High-carb babies set up for lifetime of weight gain and obesity: Study

By Nathan Gray

- Last updated on GMT

Related tags Weight gain Nutrition Infant

High-carb babies set up for lifetime of weight gain and obesity: Study
Consumption of high-carbohydrate foods during infancy could program people for lifelong increased weight gain and obesity, suggests new animal research.

The rat study findings suggest that babies given high-carb foods soon after birth are ‘programmed’ for increased weight gain and obesity, even if caloric intake is restricted in adulthood for a period of time.

Writing in the American Journal of Physiology: Endocrinology and Metabolism, ​the US-based research team said their animal data may suggest that human babies are less prone to obesity if solid foods later are given later.

“This is the first time that we have shown in our rat model of obesity that there is a resistance to the reversal of this programming effect in adult life,”​ explained Professor Mulchand Patel, from the University of Buffalo, USA.

Patel explained that the research, though in rats, has large implications for obesity policy and infant nutrition in the Western world where many baby foods and juices are high in simple sugars and carbohydrates.

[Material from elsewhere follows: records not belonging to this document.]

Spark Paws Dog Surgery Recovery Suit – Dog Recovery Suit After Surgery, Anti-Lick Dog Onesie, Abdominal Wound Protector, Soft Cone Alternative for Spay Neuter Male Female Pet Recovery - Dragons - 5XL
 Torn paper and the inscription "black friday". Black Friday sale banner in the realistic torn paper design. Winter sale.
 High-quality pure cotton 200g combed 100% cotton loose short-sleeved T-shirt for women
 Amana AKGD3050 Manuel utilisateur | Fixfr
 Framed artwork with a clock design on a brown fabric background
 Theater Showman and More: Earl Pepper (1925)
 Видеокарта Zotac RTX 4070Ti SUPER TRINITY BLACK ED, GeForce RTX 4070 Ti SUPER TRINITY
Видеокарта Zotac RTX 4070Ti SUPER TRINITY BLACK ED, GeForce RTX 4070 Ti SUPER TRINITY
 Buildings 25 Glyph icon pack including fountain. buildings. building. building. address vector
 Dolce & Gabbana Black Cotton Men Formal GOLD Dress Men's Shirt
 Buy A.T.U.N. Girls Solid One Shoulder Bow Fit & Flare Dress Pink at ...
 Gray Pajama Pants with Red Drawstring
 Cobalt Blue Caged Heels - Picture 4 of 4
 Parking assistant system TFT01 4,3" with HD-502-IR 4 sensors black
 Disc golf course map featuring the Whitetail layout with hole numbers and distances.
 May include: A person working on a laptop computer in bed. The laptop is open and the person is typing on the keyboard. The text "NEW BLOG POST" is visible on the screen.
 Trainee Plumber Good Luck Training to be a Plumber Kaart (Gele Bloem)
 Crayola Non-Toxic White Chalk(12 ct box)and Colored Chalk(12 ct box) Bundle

“Our hypothesis has been that the introduction of baby foods too early in life increases carbohydrate intake, thereby boosting insulin secretion and causing metabolic programming that in turn, predisposes the child to obesity later in life,”​ said Patel.

Study details

Patel and his team gave newborn rat pups special milk formulas developed by them to contain either a composition that is similar to rat milk (which is higher in fat-derived calories) or enriched milk that contained carbohydrate-derived calories.

"These pups who were fed a high-carbohydrate milk formula are getting a different kind of nourishment than they normally would,"​ Patel said – explaining that the feeding of this enriched carbohydrate milk "metabolically programs them to develop hyperinsulinemia, a precursor for obesity and type 2 diabetes."